**Data for analysis**
◇ ◇ ◇ ◇ ◇

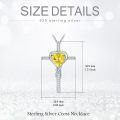 TOUPOP Sterling Silver Citrine Cross Pendant Necklace For Women-0-5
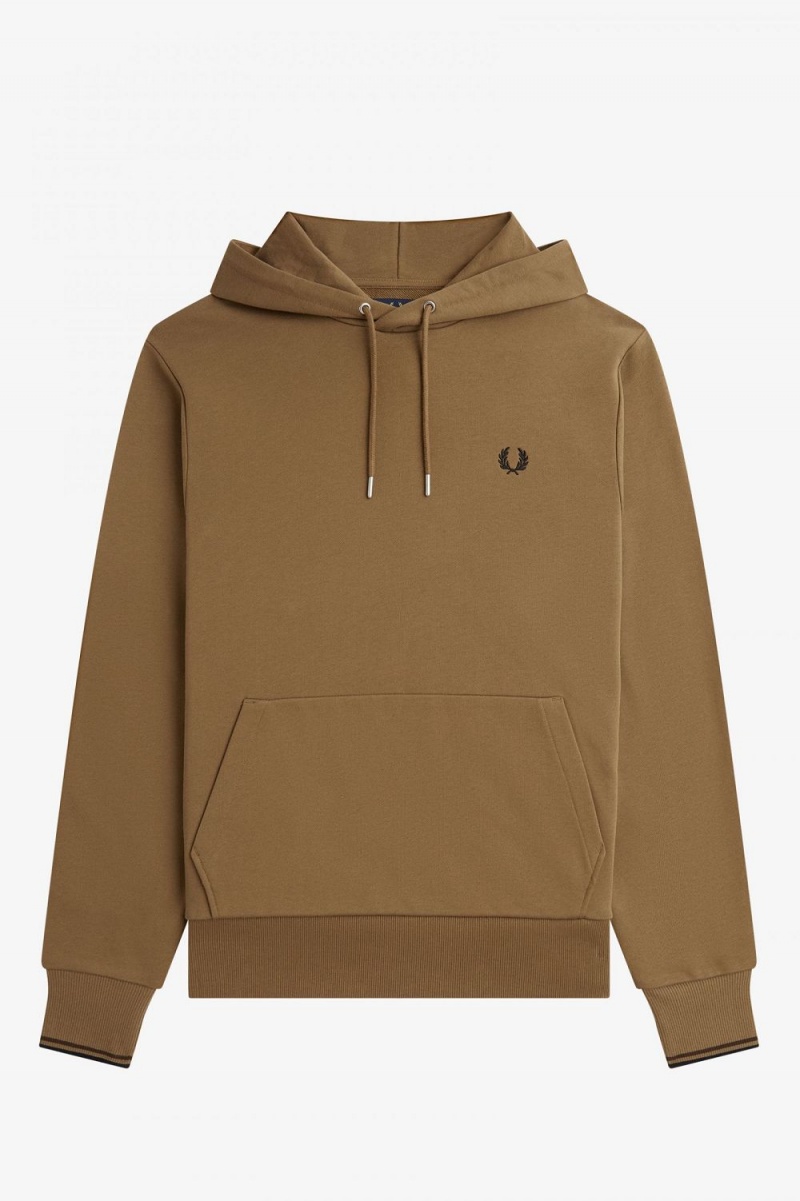 Fred Perry Tipped Hooded Men's Sweatshirts Brown Burnt Tobacco | IEYLZ6401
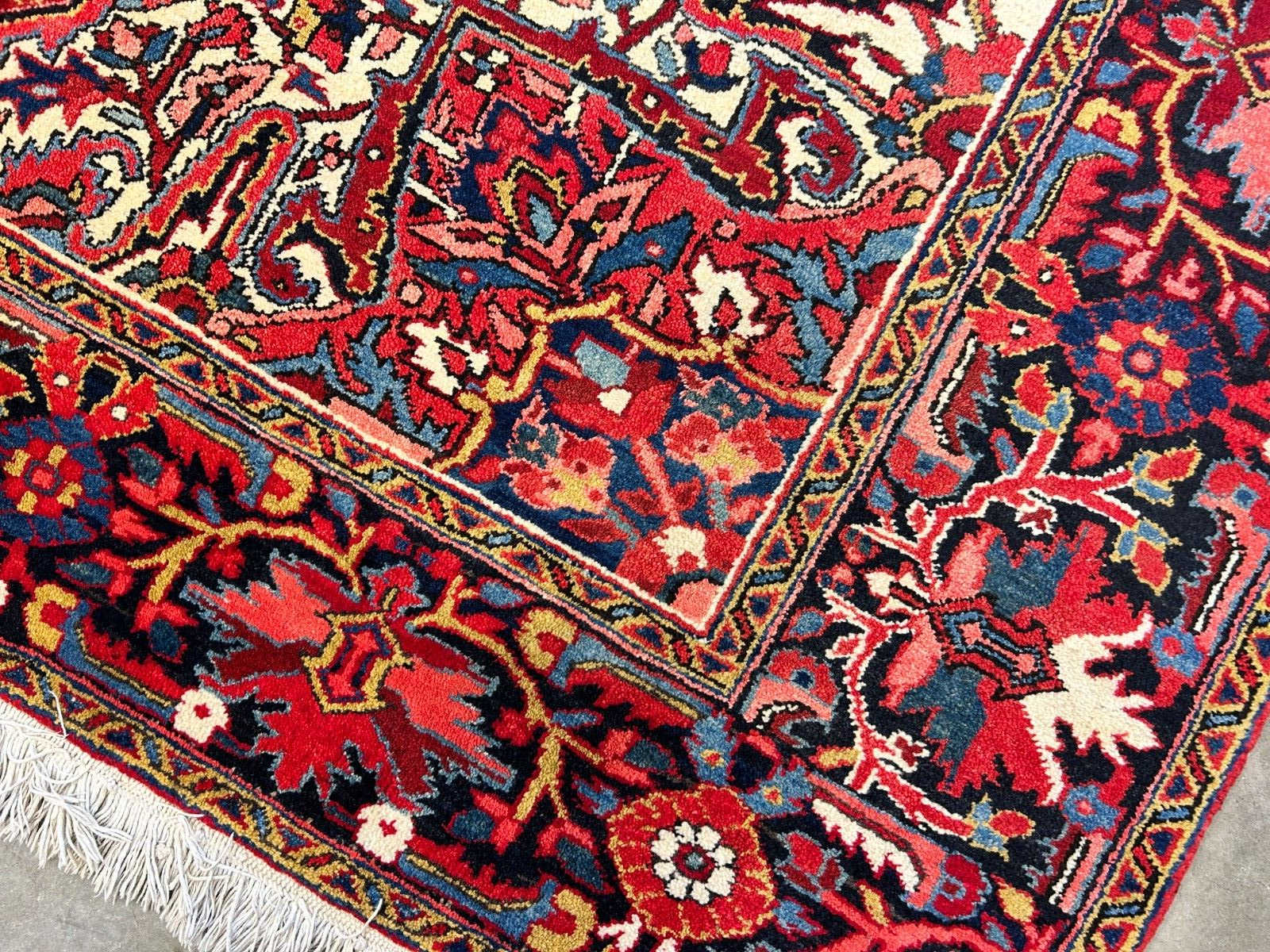 7'9"x11'4" Hand-Knotted 100% Wool Pile Herize Rug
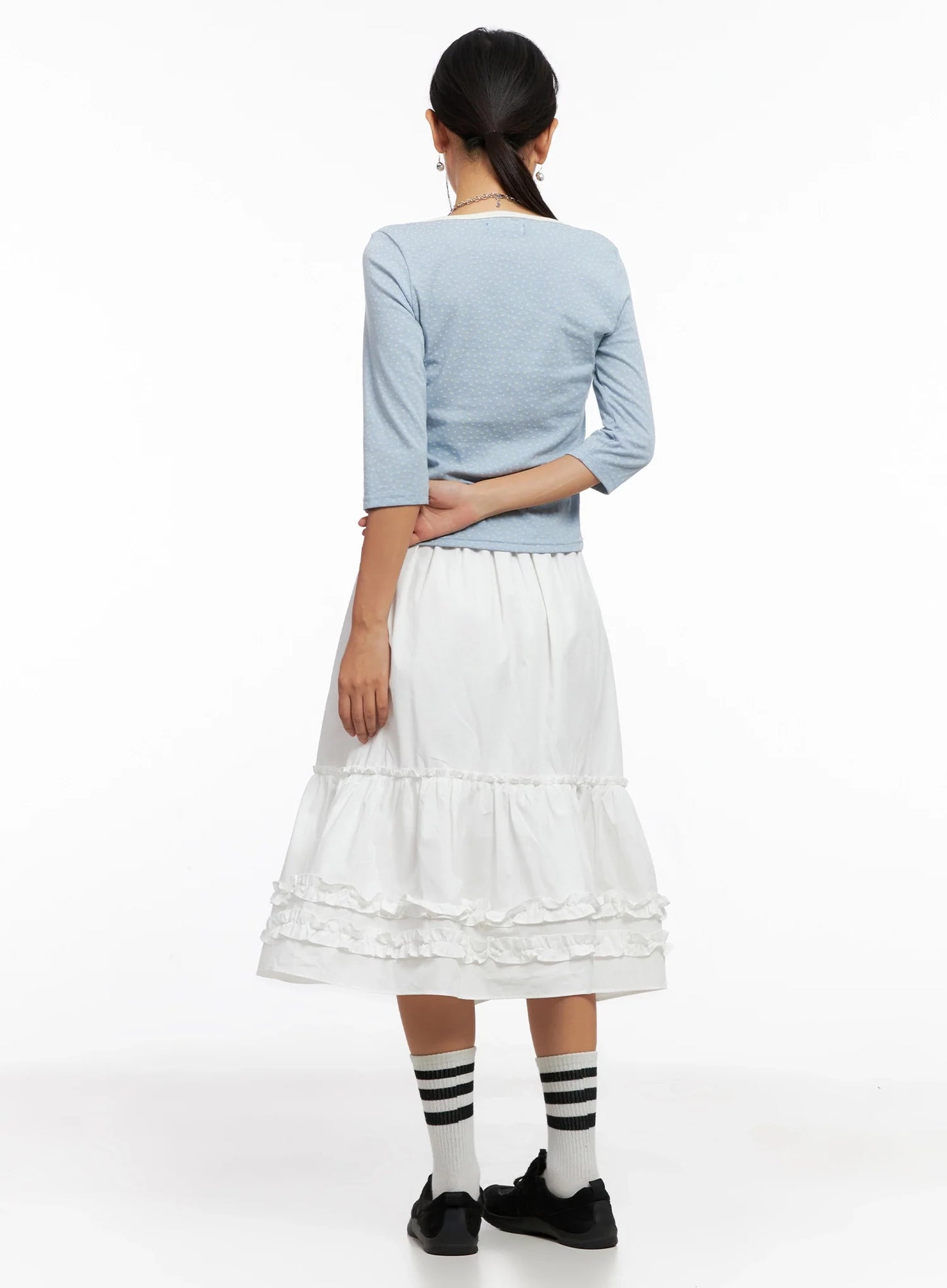 3/4 Sleeve Round Neck Tee IG527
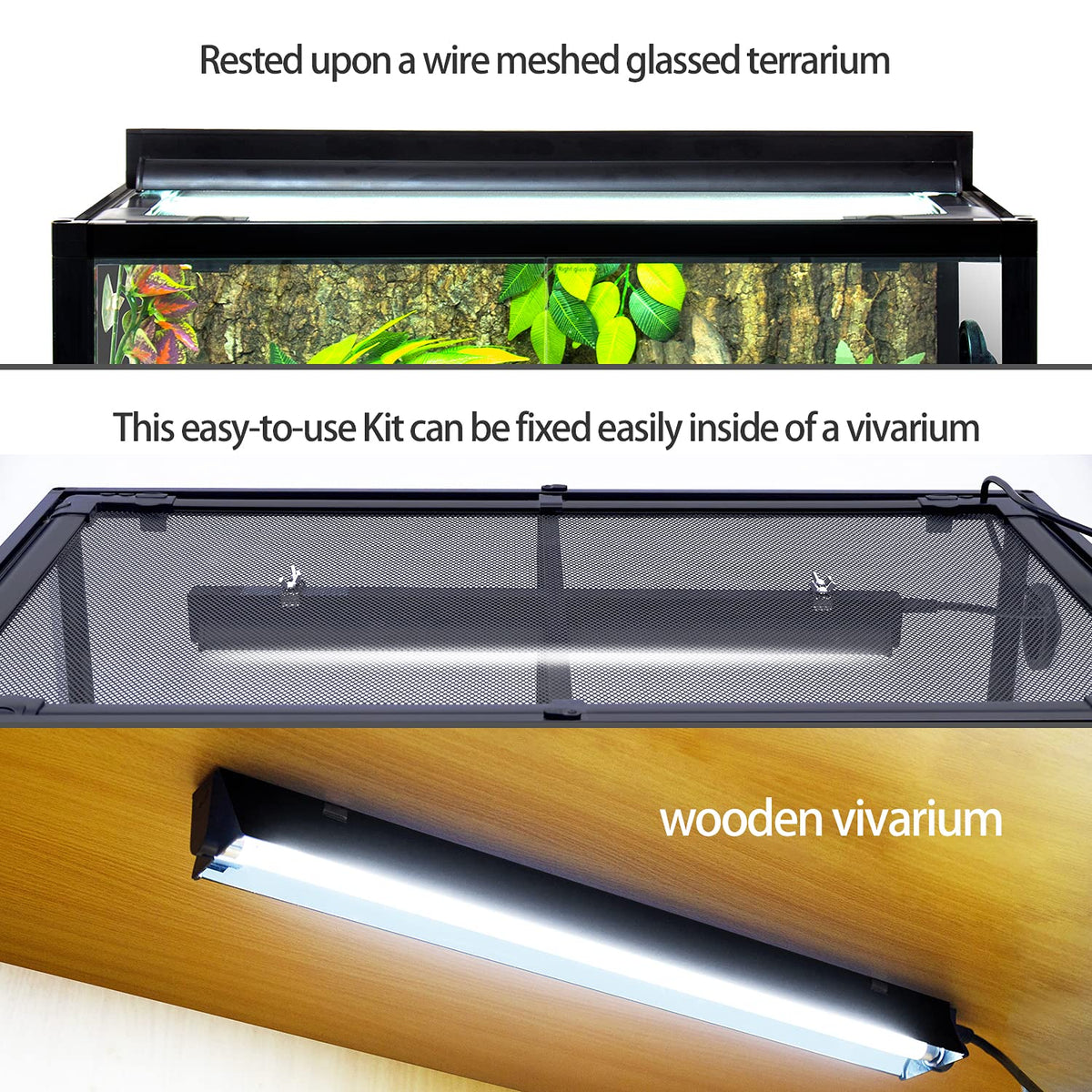 T5 HO UVB Lighting Combo Kit 10.0 24W with 68 Gallon PVC Reptile Enclosure W202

◇ ◇ ◇ ◇ ◇

**Problem to solve**
Begin at the first line of the entries and stop after the line holding "3/4 Sleeve Round Neck Tee IG527"; repeat those lines exactly, but not the pictures.

**Exercise result**
 TOUPOP Sterling Silver Citrine Cross Pendant Necklace For Women-0-5
 Fred Perry Tipped Hooded Men's Sweatshirts Brown Burnt Tobacco | IEYLZ6401
 7'9"x11'4" Hand-Knotted 100% Wool Pile Herize Rug
 3/4 Sleeve Round Neck Tee IG527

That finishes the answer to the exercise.